Task prompt: Please repeat only the lines below starting at the line that holds "Office chair Leberta" and ending at the line that holds "Buzo Para Hombre", exactly, with both of those lines included and every picture omitted.

Exercise input:
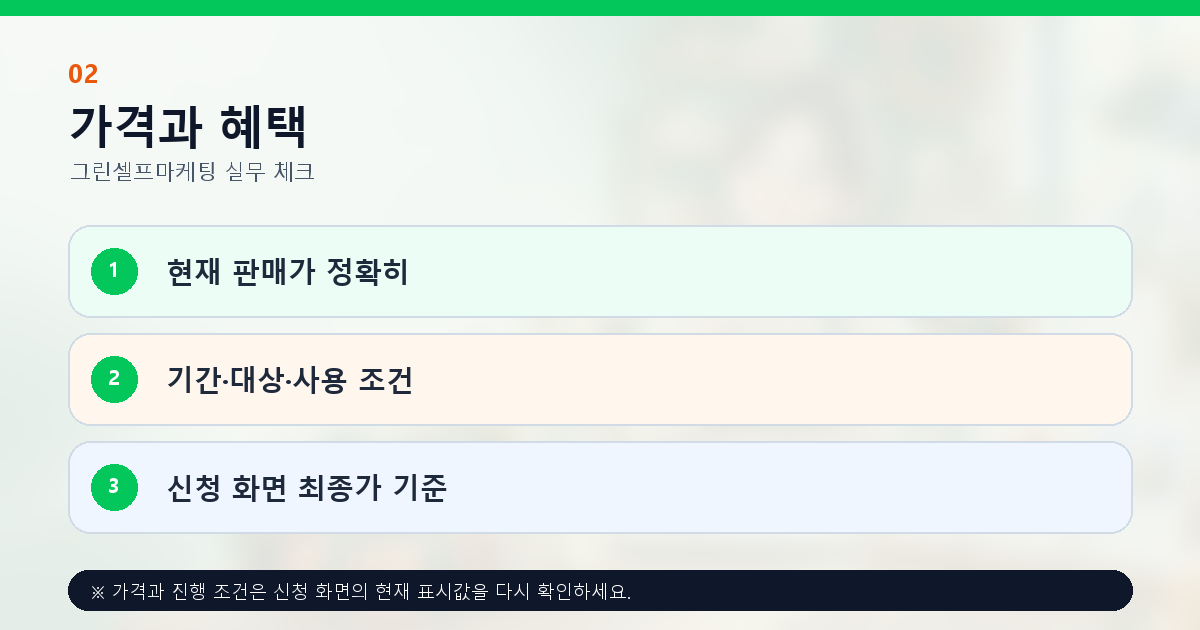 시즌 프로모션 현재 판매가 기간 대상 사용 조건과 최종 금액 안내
...
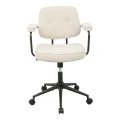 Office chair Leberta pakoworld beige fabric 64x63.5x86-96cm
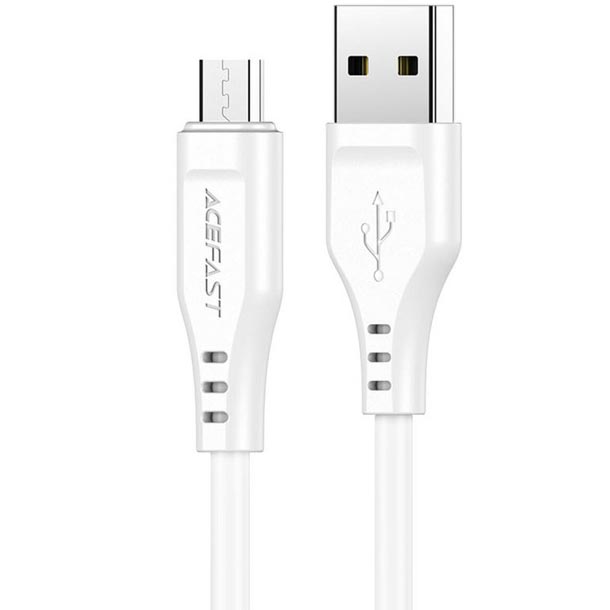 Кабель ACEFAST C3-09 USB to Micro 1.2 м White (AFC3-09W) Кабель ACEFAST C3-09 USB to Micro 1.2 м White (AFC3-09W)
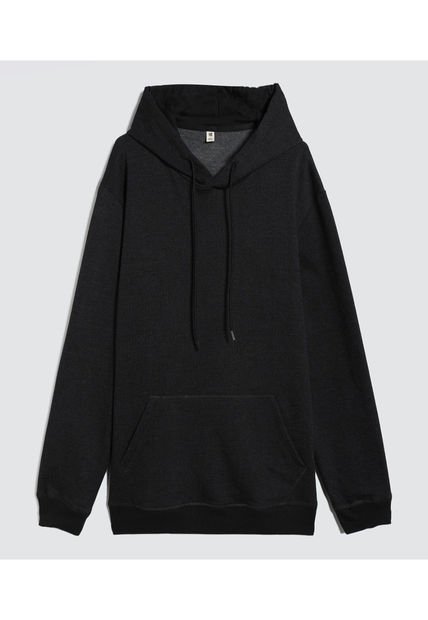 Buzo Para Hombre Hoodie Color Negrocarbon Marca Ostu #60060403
* * *
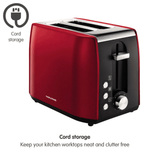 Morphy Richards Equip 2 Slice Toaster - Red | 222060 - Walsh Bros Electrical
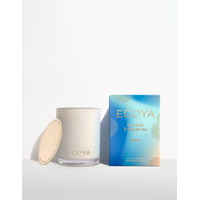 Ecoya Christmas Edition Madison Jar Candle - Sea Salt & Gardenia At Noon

Response to this exercise:
 Office chair Leberta pakoworld beige fabric 64x63.5x86-96cm
 Кабель ACEFAST C3-09 USB to Micro 1.2 м White (AFC3-09W) Кабель ACEFAST C3-09 USB to Micro 1.2 м White (AFC3-09W)
 Buzo Para Hombre Hoodie Color Negrocarbon Marca Ostu #60060403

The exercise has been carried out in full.